Les Salons à mi-chemin entre la crise et le paradoxe

Singulière période ! Alors que, partout, les constructeurs automobiles baissent la tête, réduisent les horaires, licencient du personnel et voient l'avenir sous le jour le plus noir, jamais les Salons de l'auto n'auront vu autant de nouveautés qu'en 1974-75. Comme si la crise de l'automobile, avec son cortège de quadruplement du prix de l'essence et de renforcement des limitations de vitesse, n'était finalement qu'une (mauvaise) invention des gauchistes autophobes prenant leurs désirs pour des réalités.

Vedettes

C'est le Salon de Paris qui, le 3 octobre 1974, ouvre le feu avec la CX (2 000 et 2 200).
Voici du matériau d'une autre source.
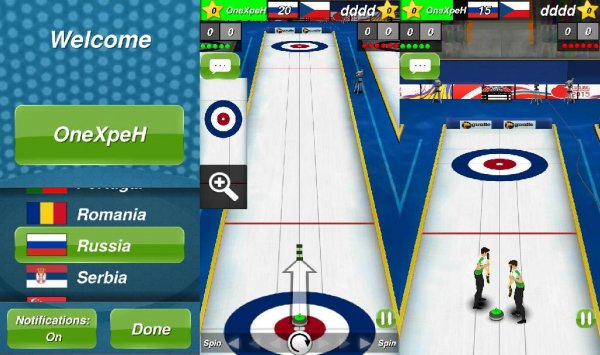 Curling v1.11(26)online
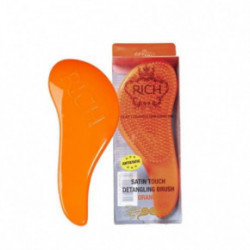 Rich Satin Touch Detangling Brush Plaukų šepetys Pink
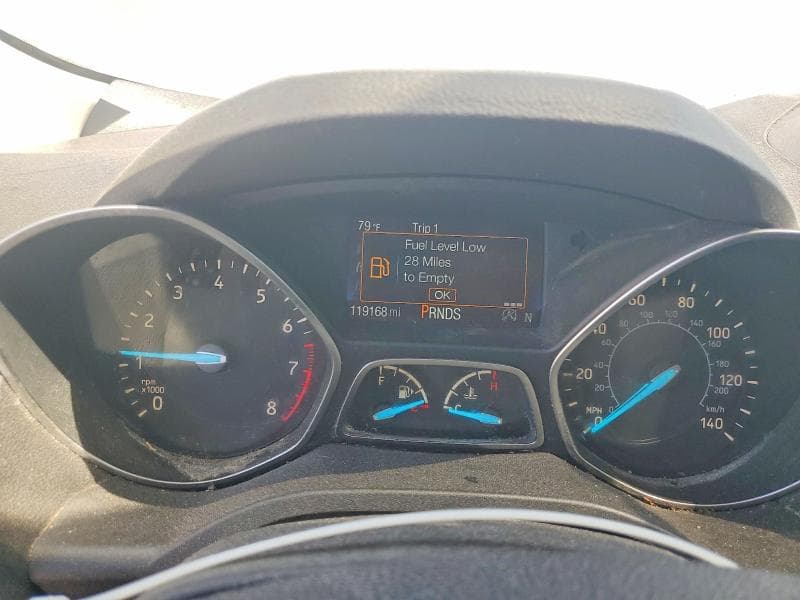 2017 FORD ESCAPE SE 9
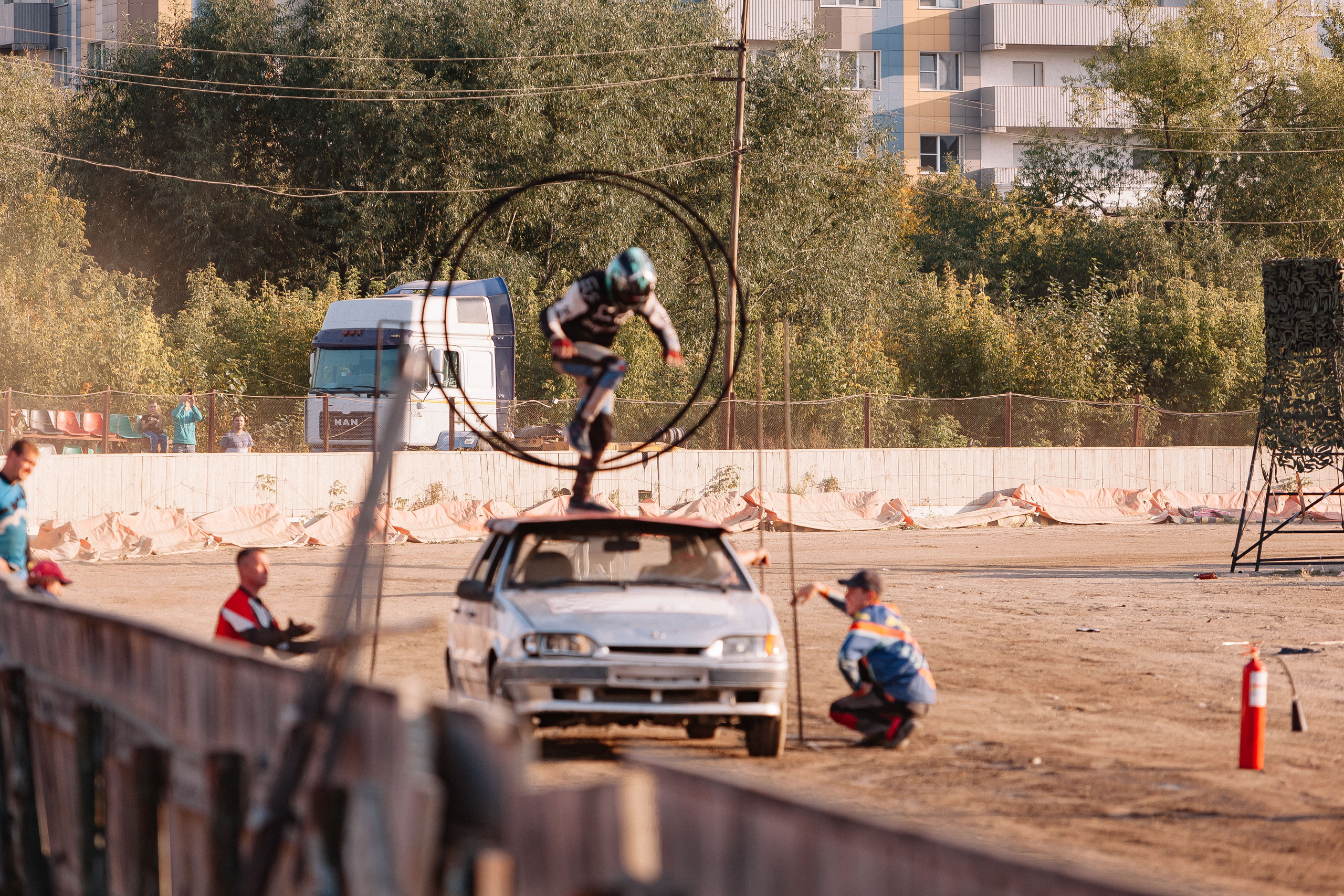 ШОУ КАСКАДЕРОВ. Репортажный фотограф в Новосибирске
La nouvelle Citroën (11 et 12 CV) tient incontestablement la vedette au moment même où l'entreprise qui l'a enfantée doit chercher le salut dans les bras d'un partenaire sérieux, Peugeot ! Curieux paradoxe, qui, pourtant, ne semble guère émouvoir les admirateurs de ce modèle aux attraits très réels : aérodynamisme, sécurité, confort, avec en plus ces petits gadgets (comme cet essuie-glace à un seul balai) par lesquels la firme au double chevron signe toujours ses réalisations.

Après Paris, c'est Turin qui (fin octobre 1974) présente comme il se doit la dernière-née made in Italy, la Fiat 131 (7 CV ou 9 CV) – qui remplace la 124. Signe des temps, la publicité du grand constructeur italien s'exprimera dans des termes tout à fait inhabituels dans une industrie qui avait fait du renouvellement et de l'adaptation à la mode l'un de ses dogmes. « Nous avons construit la Fiat 131 pour que vous la gardiez dix ans. » Effectivement, il y a quelque chose de changé dans le monde perturbé de l'automobile !

Mais ce changement, désiré, ne peut s'opérer comme par miracle. La plupart des nouveaux modèles qui surgissent ont été conçus quatre ou cinq ans auparavant. Et c'est ce qui explique que, au mois de mars 1975, le Salon de Genève ait été marqué par la révélation de deux lourdes cylindrées, deux voitures de haut standing, dévoreuses d'essence et coûteuses en ces temps d'inflation galopante. La traction avant Renault 30 TS (35 500 F) trouve une rivale avec la berline plus classique Peugeot 604 (fin juin on connaît son prix ; il est fixé à 41 700 F) mais ces deux voitures disposent d'un (même) moteur six cylindres, qui constitue un double événement :
– d'abord parce qu'il s'agit d'un moteur étudié et produit à Douvrin (Pas-de-Calais) par l'association Peugeot-Renault-Volvo (il équipait déjà le coupé Peugeot 504 et les Volvo 264) ;
– ensuite parce que, depuis la disparition de la légendaire 15 CV Citroën, la France avait abandonné à ses concurrents étrangers une clientèle de haut de gamme évaluée à près de 300 000 acheteurs chaque année en Europe.

Mais l'arrivée incongrue de ce gros moteur et de ces deux somptueux mastodontes ne doit pas faire illusion. L'heure est (surtout) aux plus modestes nouveautés qui, toutes, viennent disputer à la Renault 5 une part du gâteau le plus convoité : celui des petites voitures économiques. Ainsi le groupe Volkswagen, après avoir lancé la sémillante Audi 50, a sorti au Salon de Genève sa sœur jumelle, la Polo. Peu de temps auparavant, le grand constructeur allemand avait produit la Golf, autre véhicule adapte à la conduite, urbaine comme à une utilisation économique.

Là encore, la publicité affichée montre bien que les choses ont évolué, même pour l'orgueilleux et austère industriel de Wolfsburg : « L'auto est morte ! Vive l'auto ! Golf, la Volkswagen compacte... qui se déplace à petites gorgées d'essence sirotant l'or noir comme l'homme à l'Hispano dégustait son gin-fizz... » Ainsi, au printemps 1975, les grands constructeurs, inquiets de voir l'auto tomber de son piédestal doré, tentent de s'adapter pour survivre. Une évolution qui, comme toujours, tente d'éviter une révolution.

Nouveautés françaises

Renault 30 TS. Berline : 5 places, 4 portes, 2 664 cm3, 15 CV, 131 ch (DIN) à 5 500 tr/mn. Freins à disque AV et AR. Vitesse : 185 km/h. Prix : 35 500 F.